Timor ontem, Ucrânia hoje
Xanana Gusmão, na resistência ao invasor indonésio
Algumas almas angelicais abraçadas a velhas aves de rapina hoje travestidas de pombas, como Henry Kissinger, andam obcecadas com isto: há que «evitar humilhar os russos».
Como se não fossem eles os agressores da Ucrânia.
Como se a tropa de Moscovo não devorasse território ucraniano com fúria expansionista - o Kremlin ocupa agora, ilegalmente, cerca de 125 mil km² de superfície territorial do país vizinho, quase o triplo dos cerca de 43 mil km² que ocupava desde 2014.
Como se vissem a realidade invertida: soldados da Ucrânia envolvidos em operações de conquista e anexação da Rússia.
Como se a agressão moscovita devesse ser recompensada, encorajando futuras campanhas bélicas decalcadas do guião nazi naqueles alucinantes meses que levaram Hitler a engolir a Áustria, os Sudetas, a Checoslováquia e enfim a Polónia. Até tudo desembocar num conflito global já imparável.
Esta amálgama de gente - neofascistas, comunistas, falsos pacifistas e alguns idiotas úteis - procura iludir uma evidência: a Ucrânia equivale hoje, numa escala muito superior, à resistência timorense que enfrentou com êxito o imperialismo neocolonialista indonésio entre 1975 e 1999, suportando as maiores atrocidades cometidas pelos esbirros de Jacarta naquele solo onde durante séculos flutuou a bandeira portuguesa.
Também nessa altura pululavam por aí os "realistas" recomendando o reconhecimento da situação de facto, imposta pelos canhangulos indonésios, e desencorajando o apoio ocidental à abnegada guerrilha timorense. Diziam esses tais que eram impossível vergar um dos exércitos mais numerosos e bem equipados do planeta.
Pela lógica actual, o PCP deveria ter gritado então contra o levantamento das sanções ao regime de Jacarta e exigido a «paz» imposta pelos fuzis. Com Timor-Leste debaixo da pata indonésia.
É curioso vermos hoje Jerónimo de Sousa fazer coro com Henry Kissinger. Este, enquanto responsável máximo da diplomacia norte-americana, deu luz verde à brutal invasão de Timor-Leste pela tropa do ditador Suharto, em Dezembro de 1975, sob o argumento de que o Ocidente não deveria «humilhar a Indonésia». Nada melhor, portanto, do que outorgar-lhe direito de pernada e garantir-lhe aquilo a que chamam «concessões territoriais» - eufemismo para designar a anexação de uma nação soberana por um Estado vizinho em grosseira violação do direito internacional.
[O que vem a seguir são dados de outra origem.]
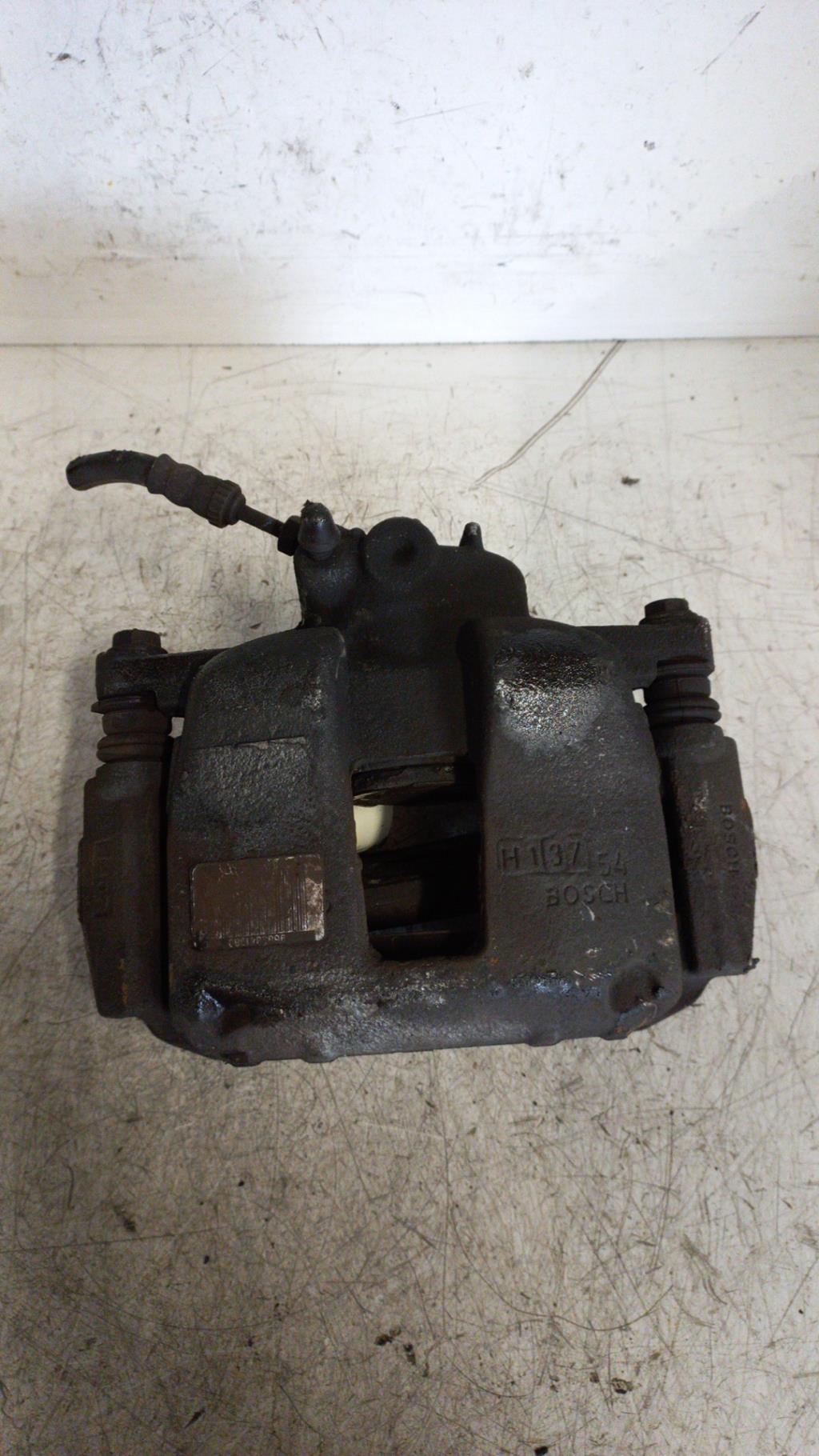 Pinza freni anteriore destra PEUGEOT 207 PHASE 1 Diésel - 1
Henry Kissinger (à esquerda) em Jacarta, Dezembro de 1975
Kissinger estava redondamente enganado, como sabemos: a força da razão derrotou a razão da força. Foi preciso esperar 24 anos, mas aconteceu.
Aprendamos com as lições da História. Ontem em Timor, hoje na Ucrânia.
Ao lado de quem é agredido, não de quem agride.
Solidários com as vítimas, não com os verdugos.
Ninguém humilha tanto a Rússia como Vladimir Putin, que já provocou danos reputacionais incalculáveis ao seu país. Com fatais reflexos nas gerações futuras.